Prime Minister Donald Tusk told parliament on Tuesday that, according to security service findings, the railway incidents were carried out by two Ukrainian citizens who had long cooperated with Russian intelligence.

Despite this, Kremlin-linked outlets built a story about a grassroots “resistance movement” in Poland, allegedly driven by war fatigue and opposition to Tusk’s policies, said Jakub Olchowski of the Propaganda and Disinformation Research Team at Maria Curie-Skłodowska University and the Institute of Central Europe.

Olchowski told Polish news agency PAP that such narratives, like other Kremlin-directed themes, are designed both for Russia’s domestic audience and as an “export product” for foreign information spaces, including Poland’s.

According to Res Futura’s analysis, Russian sources described three groups as the supposed “Polish partisans”: Polish citizens opposed to arms deliveries to Ukraine, Ukrainian deserters and refugees infiltrating logistics, and radical political circles including conservative-nationalist or anti-system movements. Their alleged goals were to disrupt military supplies, weaken elite morale and signal rejection of Poland’s Western alliances.

Olchowski said Moscow was encouraged by a coordinated drone and disinformation operation in September that combined kinetic and non-kinetic actions and, in his view, showed that Polish society is highly vulnerable to manipulation. The Kremlin is now trying to repeat that pattern, he added.

He warned that the problem is not only pro-Russian trolls or fringe groups, but the ease with which ordinary users pick up and further spread such content.

The expert said portrayals of a “Polish resistance movement” fit neatly into broader Russian and Belarusian media depictions of Poland, which feature figures such as former Polish judge Tomasz Szmydt as evidence that Warsaw is “rusophobic” and hostile to citizens who favor good relations with Moscow and are “tired” of Ukraine.

Olchowski argued that openly pro-Russian messaging would not sell in Poland, but anti-Ukrainian narratives do, especially when they tap into historical grievances such as the World War Two-era Volhynia massacres. Kremlin propagandists treat slogans like “Volhynia, we remember” as an easy tool, he said, adding that messages blaming Ukrainians for the sabotage were quickly taken up by various groups, “with the Confederation party at the forefront.”

Russian media and Telegram channels have also floated the idea that the railway sabotage was orchestrated by Berlin as revenge for the Nord Stream 2 pipeline explosion, suggesting Germany sought to undermine military supplies to Ukraine.

Res Futura said such messages support a Kremlin storyline about an “intra-European hybrid war” and growing chaos and disunity inside the European Union. Russian outlets link the Polish incidents to earlier attacks on infrastructure in Germany, France and the Czech Republic to argue that Europe is now a victim of turmoil it allegedly created by backing Kyiv.

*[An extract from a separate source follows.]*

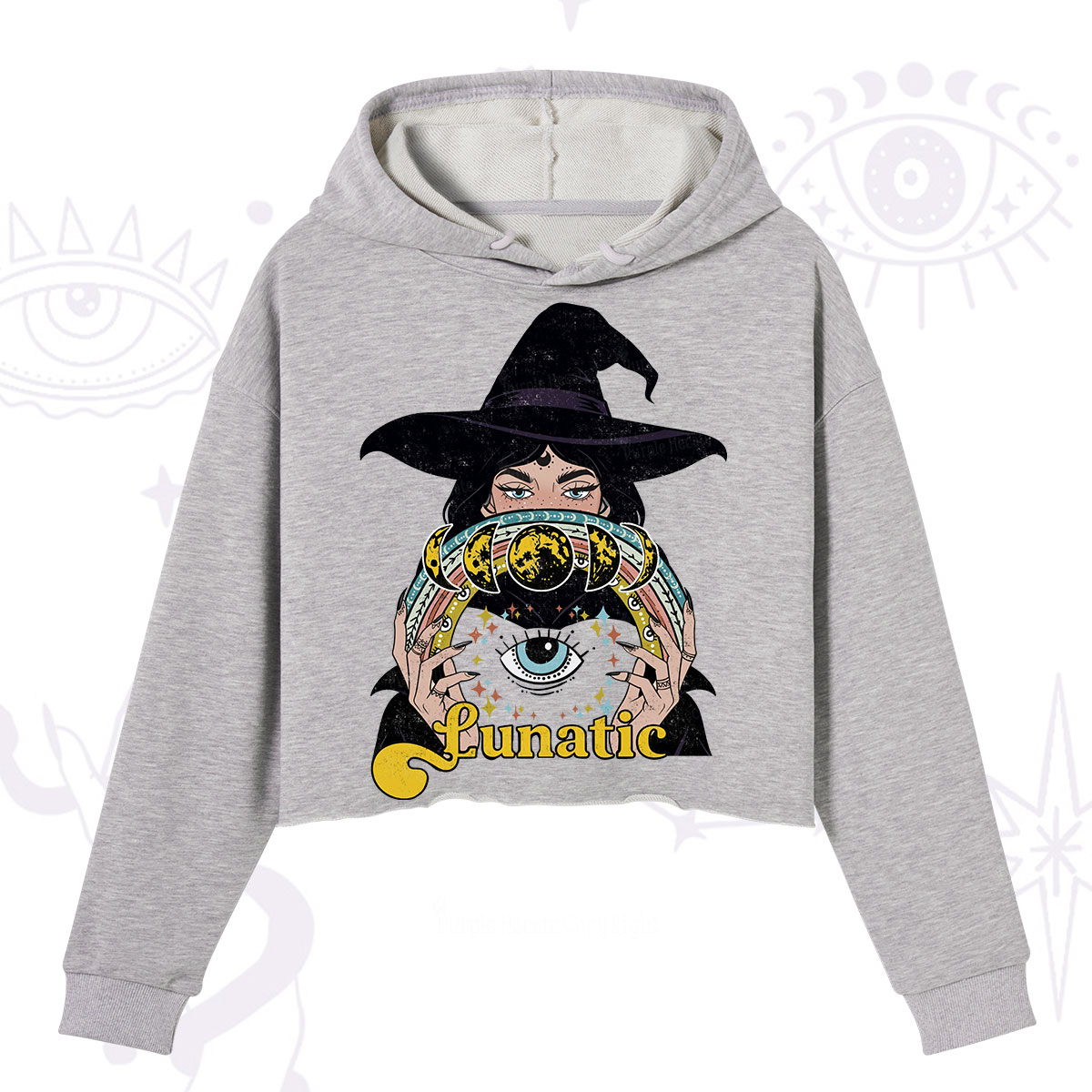 Purplehecate Witch of the Lunatic Moon Phase Crop Hoodie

Everything that undermines Western cohesion, strains bilateral ties and weakens the EU and NATO is in Moscow’s interest, Olchowski said.

He noted that anti-German sentiment in Poland, stoked in part by domestic political actors, offers fertile ground for such narratives. A single false claim about “revenge for Nord Stream 2” lets Russia fuel hostility toward both Germany and Ukraine at once, he added, calling the campaign a carefully planned and professionally executed operation by the Kremlin’s propaganda apparatus.